INFORMATION SUPPLIED below:

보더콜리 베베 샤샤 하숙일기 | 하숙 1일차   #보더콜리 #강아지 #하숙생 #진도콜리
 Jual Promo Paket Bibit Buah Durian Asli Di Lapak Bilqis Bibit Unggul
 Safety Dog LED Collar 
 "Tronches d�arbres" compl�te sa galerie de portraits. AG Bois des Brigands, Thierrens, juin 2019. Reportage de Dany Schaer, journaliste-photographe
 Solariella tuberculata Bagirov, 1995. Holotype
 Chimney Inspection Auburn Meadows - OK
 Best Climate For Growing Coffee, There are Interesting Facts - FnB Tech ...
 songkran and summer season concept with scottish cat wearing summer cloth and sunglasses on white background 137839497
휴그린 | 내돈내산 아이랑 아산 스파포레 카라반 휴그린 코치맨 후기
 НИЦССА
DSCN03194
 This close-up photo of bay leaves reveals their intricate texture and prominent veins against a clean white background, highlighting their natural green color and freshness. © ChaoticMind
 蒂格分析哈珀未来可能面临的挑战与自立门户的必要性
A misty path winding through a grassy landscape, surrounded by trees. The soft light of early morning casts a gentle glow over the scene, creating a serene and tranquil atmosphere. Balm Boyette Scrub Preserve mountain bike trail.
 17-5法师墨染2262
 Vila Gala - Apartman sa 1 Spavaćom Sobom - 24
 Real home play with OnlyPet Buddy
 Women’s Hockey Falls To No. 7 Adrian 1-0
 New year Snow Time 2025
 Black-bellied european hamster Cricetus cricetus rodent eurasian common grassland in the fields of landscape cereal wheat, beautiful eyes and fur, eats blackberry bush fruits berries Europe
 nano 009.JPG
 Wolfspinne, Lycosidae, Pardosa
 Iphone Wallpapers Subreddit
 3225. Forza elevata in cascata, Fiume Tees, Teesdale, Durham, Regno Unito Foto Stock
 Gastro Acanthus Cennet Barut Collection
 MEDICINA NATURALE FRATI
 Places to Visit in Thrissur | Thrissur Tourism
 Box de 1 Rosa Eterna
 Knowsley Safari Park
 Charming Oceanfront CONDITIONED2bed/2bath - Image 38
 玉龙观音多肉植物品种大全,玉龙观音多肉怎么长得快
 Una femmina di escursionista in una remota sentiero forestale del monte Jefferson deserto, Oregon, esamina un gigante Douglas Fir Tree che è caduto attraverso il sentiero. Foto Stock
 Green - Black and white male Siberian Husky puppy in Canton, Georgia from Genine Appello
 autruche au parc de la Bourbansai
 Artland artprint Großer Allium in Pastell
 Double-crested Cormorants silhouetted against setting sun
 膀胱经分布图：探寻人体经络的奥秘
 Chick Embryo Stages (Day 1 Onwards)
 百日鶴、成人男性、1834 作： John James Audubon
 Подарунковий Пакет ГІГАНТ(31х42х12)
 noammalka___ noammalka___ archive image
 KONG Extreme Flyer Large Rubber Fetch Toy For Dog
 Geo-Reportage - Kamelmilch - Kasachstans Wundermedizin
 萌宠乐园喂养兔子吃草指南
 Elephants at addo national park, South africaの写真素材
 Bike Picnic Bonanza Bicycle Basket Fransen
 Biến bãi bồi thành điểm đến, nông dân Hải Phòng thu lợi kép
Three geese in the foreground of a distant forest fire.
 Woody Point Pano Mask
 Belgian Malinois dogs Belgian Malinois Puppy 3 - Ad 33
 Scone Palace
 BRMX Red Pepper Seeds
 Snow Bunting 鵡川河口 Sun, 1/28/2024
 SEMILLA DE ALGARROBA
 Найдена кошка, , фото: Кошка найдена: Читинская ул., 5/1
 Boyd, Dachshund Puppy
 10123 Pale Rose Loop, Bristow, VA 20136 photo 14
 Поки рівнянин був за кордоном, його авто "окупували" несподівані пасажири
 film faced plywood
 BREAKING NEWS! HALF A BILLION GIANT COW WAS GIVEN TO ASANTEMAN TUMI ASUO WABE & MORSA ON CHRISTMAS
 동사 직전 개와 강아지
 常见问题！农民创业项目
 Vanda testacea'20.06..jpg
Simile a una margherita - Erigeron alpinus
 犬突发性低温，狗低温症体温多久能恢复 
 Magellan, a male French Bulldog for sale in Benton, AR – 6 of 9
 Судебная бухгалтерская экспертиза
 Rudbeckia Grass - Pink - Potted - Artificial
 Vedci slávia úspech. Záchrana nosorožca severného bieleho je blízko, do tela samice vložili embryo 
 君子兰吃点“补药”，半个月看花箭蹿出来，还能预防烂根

End of INFORMATION SUPPLIED.

PROBLEM REQUIREMENTS
Reproduce only what lies between the start of the listing above and the end of the line containing "Box de 1 Rosa Eterna", keeping every line exact.

RESULT
보더콜리 베베 샤샤 하숙일기 | 하숙 1일차   #보더콜리 #강아지 #하숙생 #진도콜리
 Jual Promo Paket Bibit Buah Durian Asli Di Lapak Bilqis Bibit Unggul
 Safety Dog LED Collar 
 "Tronches d�arbres" compl�te sa galerie de portraits. AG Bois des Brigands, Thierrens, juin 2019. Reportage de Dany Schaer, journaliste-photographe
 Solariella tuberculata Bagirov, 1995. Holotype
 Chimney Inspection Auburn Meadows - OK
 Best Climate For Growing Coffee, There are Interesting Facts - FnB Tech ...
 songkran and summer season concept with scottish cat wearing summer cloth and sunglasses on white background 137839497
휴그린 | 내돈내산 아이랑 아산 스파포레 카라반 휴그린 코치맨 후기
 НИЦССА
DSCN03194
 This close-up photo of bay leaves reveals their intricate texture and prominent veins against a clean white background, highlighting their natural green color and freshness. © ChaoticMind
 蒂格分析哈珀未来可能面临的挑战与自立门户的必要性
A misty path winding through a grassy landscape, surrounded by trees. The soft light of early morning casts a gentle glow over the scene, creating a serene and tranquil atmosphere. Balm Boyette Scrub Preserve mountain bike trail.
 17-5法师墨染2262
 Vila Gala - Apartman sa 1 Spavaćom Sobom - 24
 Real home play with OnlyPet Buddy
 Women’s Hockey Falls To No. 7 Adrian 1-0
 New year Snow Time 2025
 Black-bellied european hamster Cricetus cricetus rodent eurasian common grassland in the fields of landscape cereal wheat, beautiful eyes and fur, eats blackberry bush fruits berries Europe
 nano 009.JPG
 Wolfspinne, Lycosidae, Pardosa
 Iphone Wallpapers Subreddit
 3225. Forza elevata in cascata, Fiume Tees, Teesdale, Durham, Regno Unito Foto Stock
 Gastro Acanthus Cennet Barut Collection
 MEDICINA NATURALE FRATI
 Places to Visit in Thrissur | Thrissur Tourism
 Box de 1 Rosa Eterna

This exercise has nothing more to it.